_WHAT THE EXERCISE ASKS_: Repeat only the stretch of lines below that runs from the line with "TOYANDONA Llaveros Abridores" through the line with "浮生守护者——水面救生装置", unaltered.

_DATA RECORDS_:
───

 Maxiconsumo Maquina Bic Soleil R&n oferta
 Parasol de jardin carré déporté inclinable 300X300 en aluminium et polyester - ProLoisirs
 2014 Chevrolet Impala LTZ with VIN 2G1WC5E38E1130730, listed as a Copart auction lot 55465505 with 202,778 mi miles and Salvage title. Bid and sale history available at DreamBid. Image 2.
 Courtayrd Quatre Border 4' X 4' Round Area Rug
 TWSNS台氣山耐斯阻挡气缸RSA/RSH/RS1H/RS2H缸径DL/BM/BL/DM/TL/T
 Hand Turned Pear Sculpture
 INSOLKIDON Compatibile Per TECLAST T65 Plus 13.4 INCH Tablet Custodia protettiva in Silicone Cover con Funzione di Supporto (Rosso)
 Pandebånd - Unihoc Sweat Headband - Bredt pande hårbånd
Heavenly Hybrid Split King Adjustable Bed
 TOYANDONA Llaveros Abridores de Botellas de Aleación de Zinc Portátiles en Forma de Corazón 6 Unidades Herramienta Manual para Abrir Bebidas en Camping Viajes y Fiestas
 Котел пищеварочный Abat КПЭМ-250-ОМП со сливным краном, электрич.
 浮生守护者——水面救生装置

───

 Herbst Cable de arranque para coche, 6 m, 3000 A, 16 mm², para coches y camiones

───

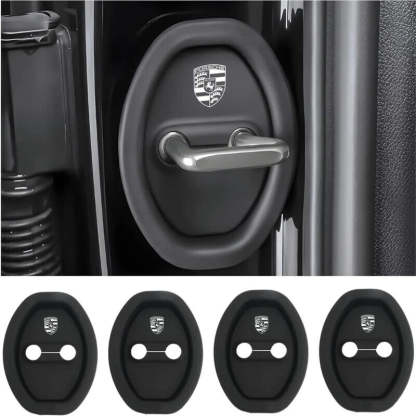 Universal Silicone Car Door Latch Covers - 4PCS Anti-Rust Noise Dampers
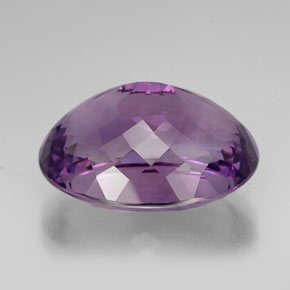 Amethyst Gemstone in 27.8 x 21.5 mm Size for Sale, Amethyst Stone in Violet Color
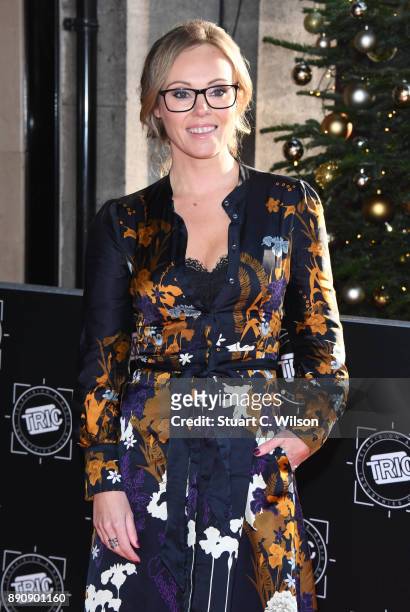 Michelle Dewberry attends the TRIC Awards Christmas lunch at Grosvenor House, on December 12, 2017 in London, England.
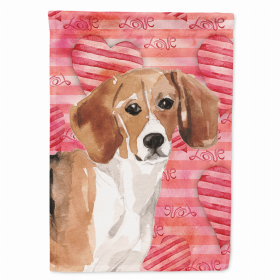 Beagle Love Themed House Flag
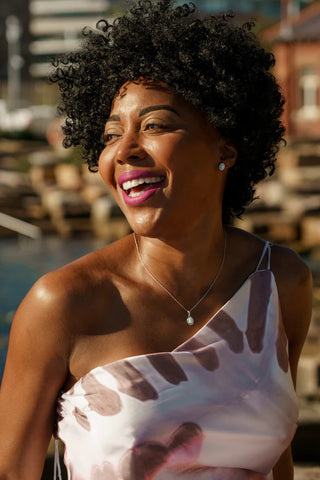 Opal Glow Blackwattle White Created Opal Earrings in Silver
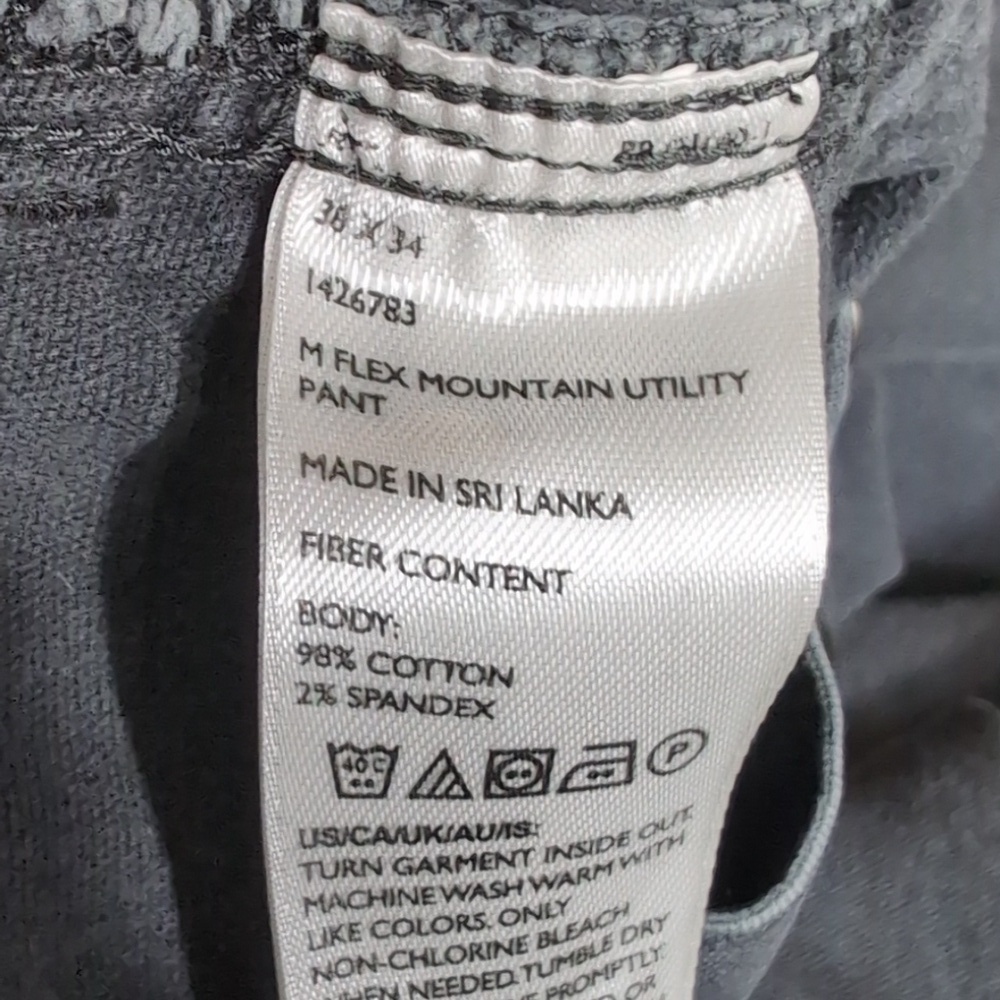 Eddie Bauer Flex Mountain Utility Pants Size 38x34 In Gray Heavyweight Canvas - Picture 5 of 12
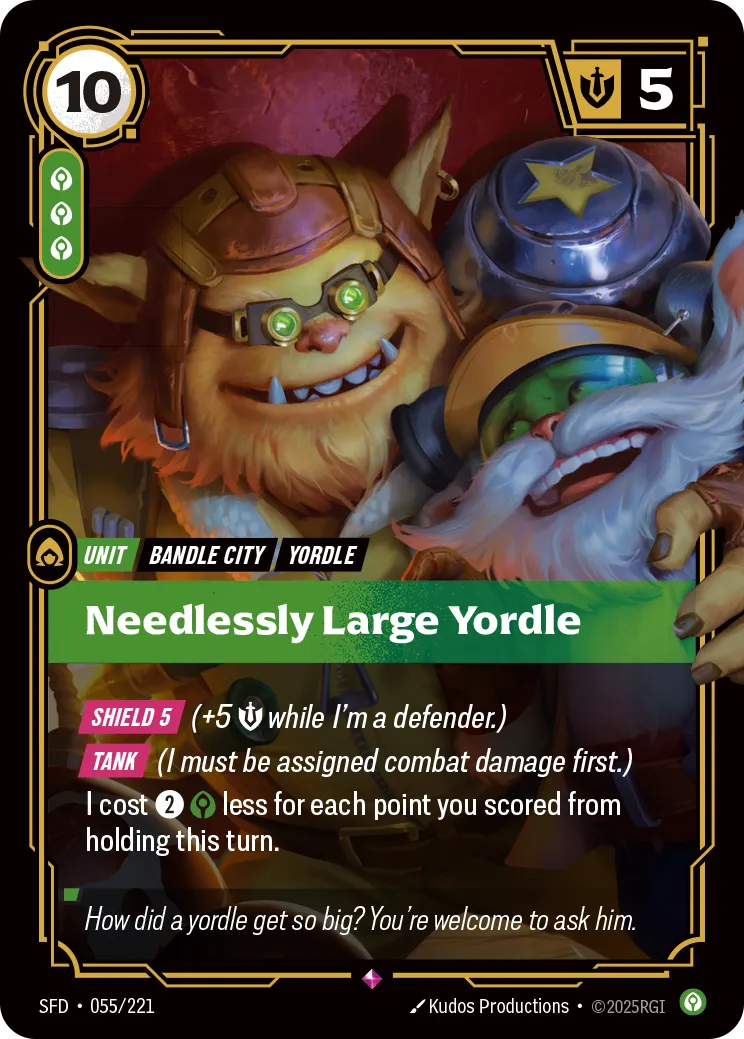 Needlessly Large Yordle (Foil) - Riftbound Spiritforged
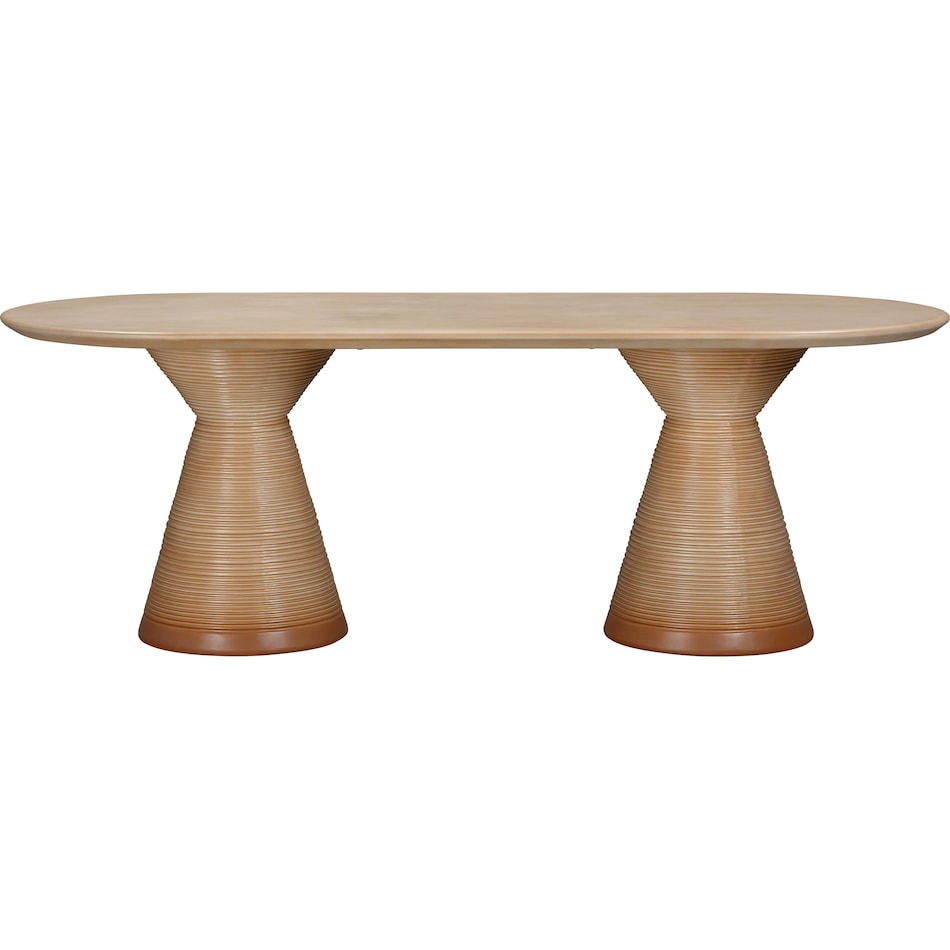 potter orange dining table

───

_ANSWER FOR THIS EXERCISE_:
 TOYANDONA Llaveros Abridores de Botellas de Aleación de Zinc Portátiles en Forma de Corazón 6 Unidades Herramienta Manual para Abrir Bebidas en Camping Viajes y Fiestas
 Котел пищеварочный Abat КПЭМ-250-ОМП со сливным краном, электрич.
 浮生守护者——水面救生装置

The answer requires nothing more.